Mr. Musk later clarified that “this does not extend to all Jewish communities” and placed blame on groups like Jewish advocacy Anti-Defamation League (ADL).

He insisted that ADL “unjustly attacks the majority of the West, despite the majority of the West supporting the Jewish people and Israel. This is because they cannot, by their own tenets, criticize the minority groups who are their primary threat. It is not right and needs to stop.”

Responding to Mr. Musk’s comments on the controversial post, Jonathan Greenblatt, the CEO of ADL, said in a Nov. 16 X post: “At a time when anti-Semitism is exploding in America and surging around the world, it is indisputably dangerous to use one’s influence to validate and promote anti-Semitic theories.”
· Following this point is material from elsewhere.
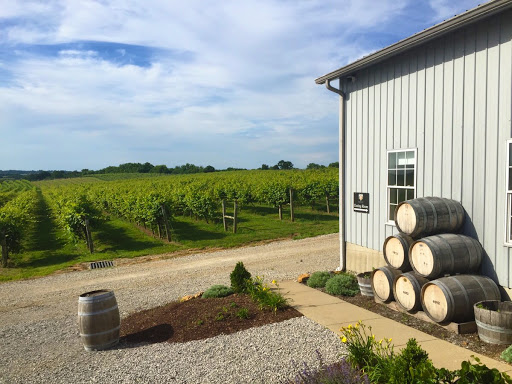 Winery «Lovers Leap Vineyards and Winery», reviews and photos, 1180 Lanes Mill Rd, Lawrenceburg, KY 40342, USA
The White House also condemned Mr. Musk’s comments. “It is unacceptable to repeat the hideous lie behind the most fatal act of Anti-Semitism in American history at any time, let alone one month after the deadliest day for the Jewish people since the Holocaust,” said White House spokesperson Andrew Bates, according to Axios.

Linda Yaccarino, the CEO of X, said in a Nov. 17 X post that the platform’s point of view “has always been very clear that discrimination by everyone should STOP across the board—I think that’s something we can and should all agree on.”

“When it comes to this platform—X has also been extremely clear about our efforts to combat anti-Semitism and discrimination. There’s no place for it anywhere in the world—it’s ugly and wrong. Full stop.”

Speaking to Variety, a Lionsgate spokesperson cited Mr. Musk’s “recent anti-Semitic tweet” as a reason for suspending advertisements on the platform.

Meanwhile, Mr. Musk pointed out in a Nov. 18 post that “many of the largest advertisers are the greatest oppressors of your right to free speech.”